» Prompt:
After locating "Building Photo - 960 S River Rd Unit 412", return its line and all lines that follow through the end of the listing below, exactly; leave out pictures.

» Material provided:
--- --- ---

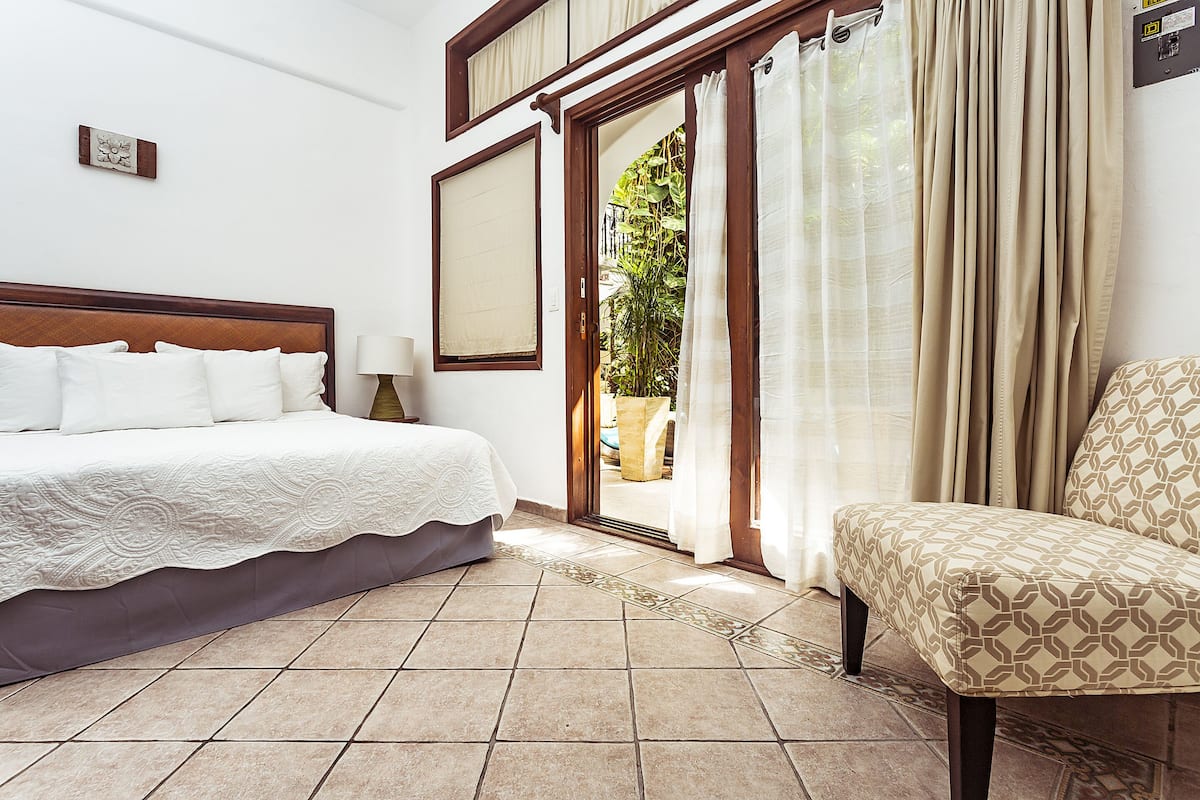 Brankas, setrika/meja setrika, dan tempat tidur bayi gratis
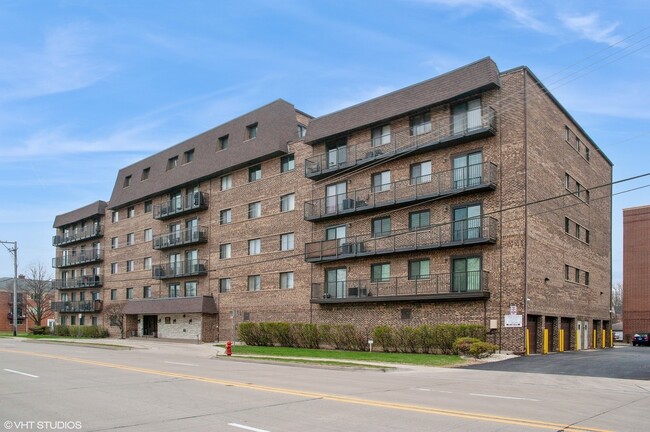Building Photo - 960 S River Rd Unit 412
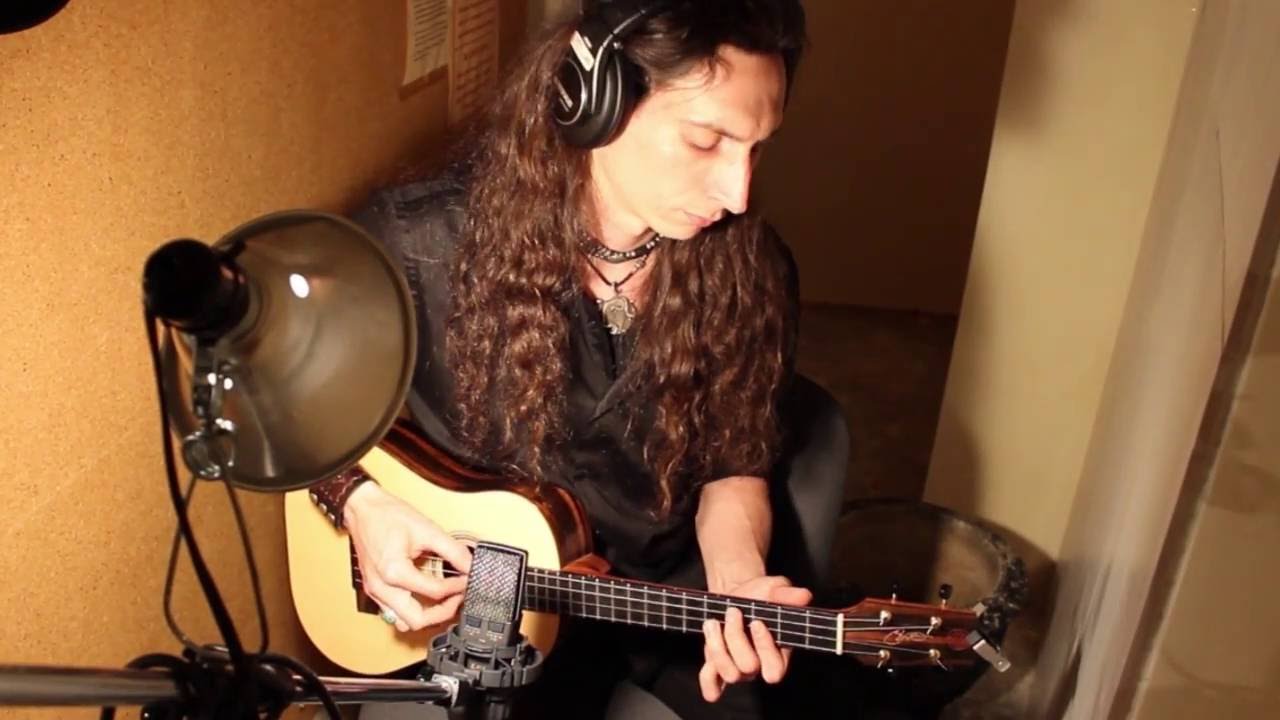 SNOWY MORNING COMING DOWN | Baritone Ukulele / Cigar Box Guitar Instrumental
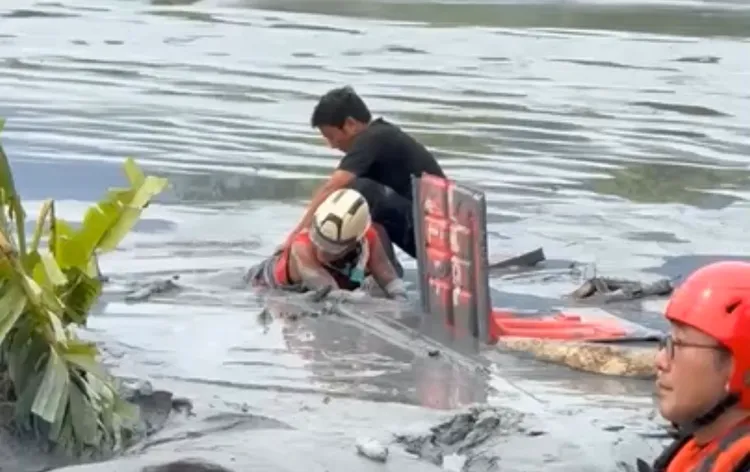 嘉義縣搜救隊支援花蓮救災，水利單位外包人員陷入泥水中動彈不得，後來平安脫困。民眾提供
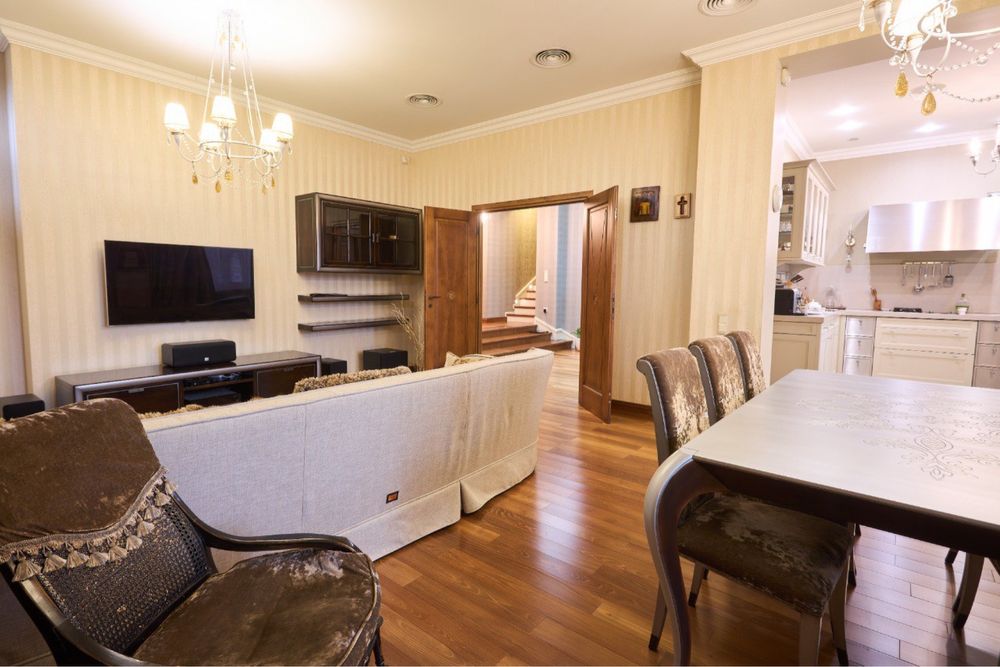 Продам дом на правом берегу реки Днепр пос.Ямбург с.Днепровое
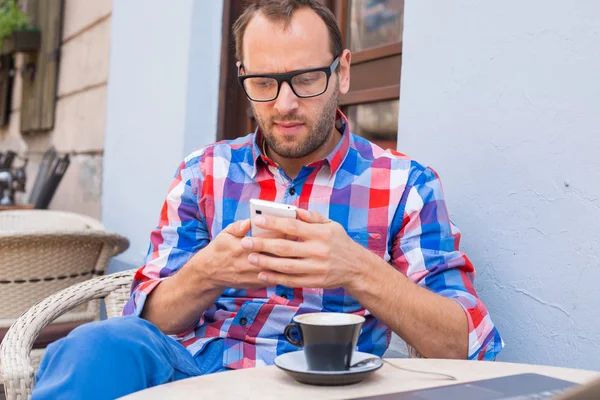 Man with mobile phone in restaurant — Stock Photo, Image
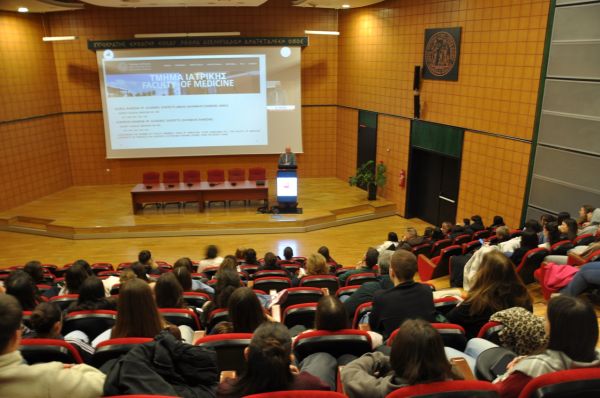 270 μαθητές Λυκείου από 21 σχολεία γνώρισαν από κοντά τις σπουδές και την έρευνα στην Ιατρική του Πανεπιστημίου Θεσσαλίας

--- --- ---

» The completed task:
Building Photo - 960 S River Rd Unit 412
 SNOWY MORNING COMING DOWN | Baritone Ukulele / Cigar Box Guitar Instrumental
 嘉義縣搜救隊支援花蓮救災，水利單位外包人員陷入泥水中動彈不得，後來平安脫困。民眾提供
 Продам дом на правом берегу реки Днепр пос.Ямбург с.Днепровое
 Man with mobile phone in restaurant — Stock Photo, Image
 270 μαθητές Λυκείου από 21 σχολεία γνώρισαν από κοντά τις σπουδές και την έρευνα στην Ιατρική του Πανεπιστημίου Θεσσαλίας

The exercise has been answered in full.